NO DEPENDENCIES: the only dependency worth having
May 7, 2023 4:14:07 GMT -8
Post by Uncle Buddy on May 7, 2023 4:14:07 GMT -8
Treebard GPS is based on the notion that an ordinary genealogist with no coding experience--and no plans to become a professional programmer--can write his own genealogy software.
I won't claim it can be done in a reasonable amount of time as a part-time hobby. But given the ability to focus on it, it can be done, as a hobby.

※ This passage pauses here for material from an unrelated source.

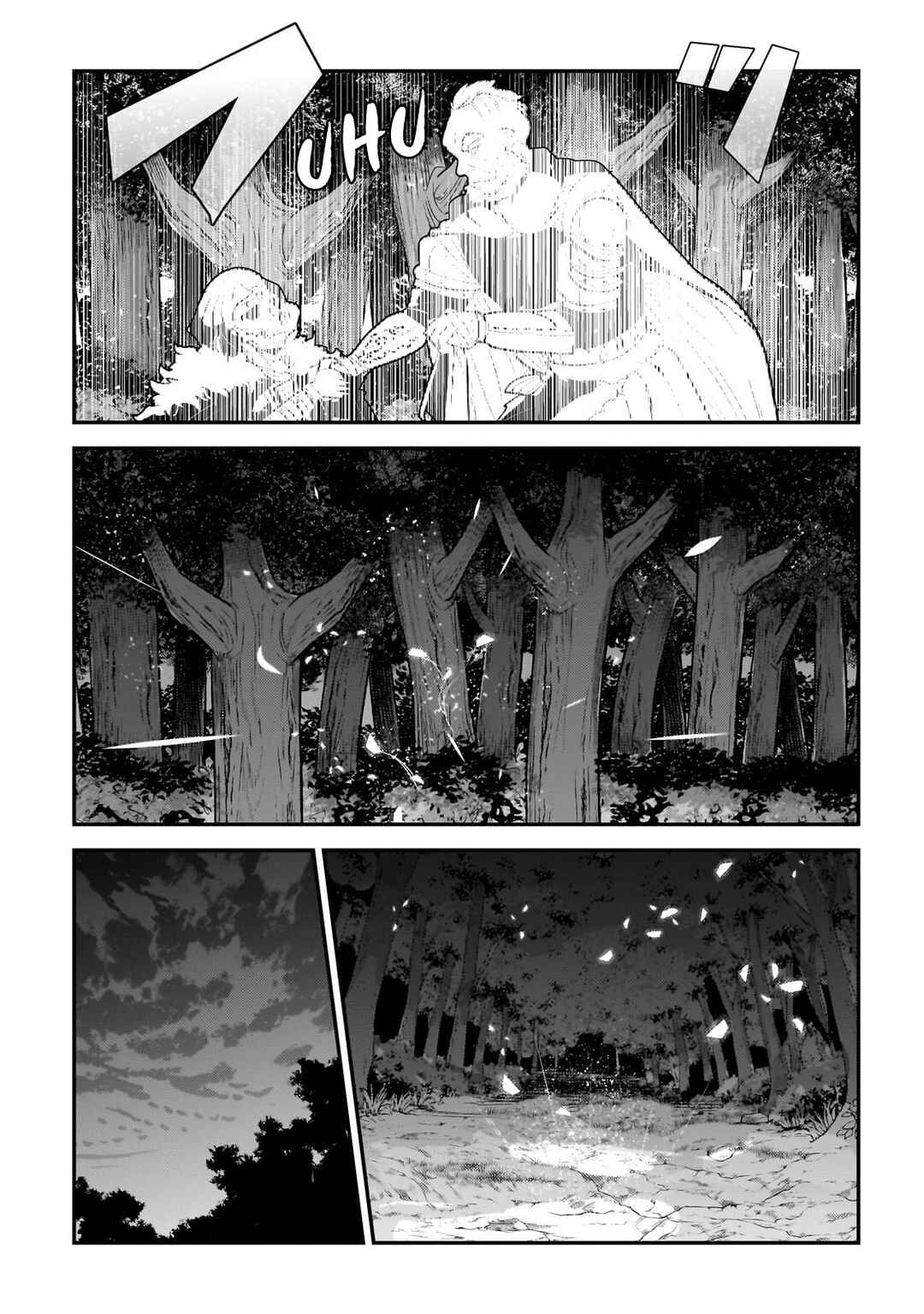 Chapter 53 - Page 36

There are at least two things that would doom such a project: dependencies and secondary features. I've discussed secondary features in other posts. For a solitary hobbyist to write a genieware app, he would have to focus on primary features: tracking persons, places, dates, sources; and avoiding secondary features like the plague: writing books and websites with software, syncing with this, that and the other thing, scraping data off of websites... this nerdy stuff is for teams, not a lone ranger burning the midnight oil to prove he can do it. Secondary software features are like the length of a Facebook page: the longer you keep scrolling down, the longer the page gets. If you can't limit yourself to primary features--the genealogy part of genealogy--then you can't write genieware by yourself.
Dependencies is a topic that crops up frequently for me because I often go shopping online for something to replace Tkinter as a widget toolkit. Tkinter works fine and does everything except to look like this year's model, but genealogy is not about modern anything. Jumping hurdles in order to use the prettiest widget set in existence is another way to not get to the finish line as a lone hobbyist.

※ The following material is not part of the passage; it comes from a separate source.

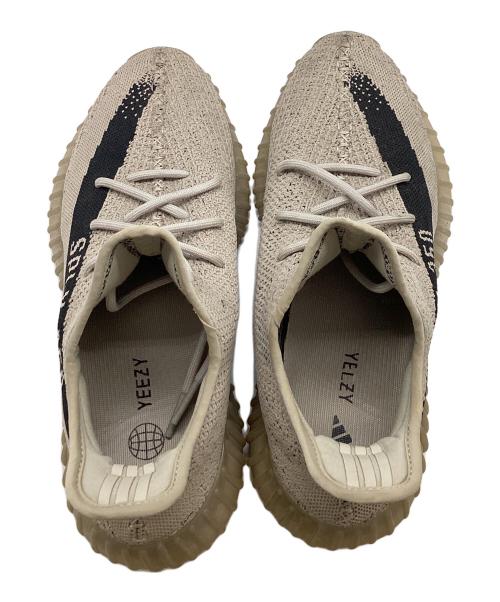 adidas（アディダス）adidas (アディダス) YEEZY Boost 350V2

Here's the situation: for Windows users like me, Python has SQLite and Tkinter functionality built right into it with very little to do. Install Python, install the SQLite software so you can access your databases in a command prompt, pip install Pillow so you can use .png and .jpg as well as the .gif functionality built into Tkinter. And you're done. For what you get out of it, that is the shortest list of dependencies you are gonna find in the programming world of 2023.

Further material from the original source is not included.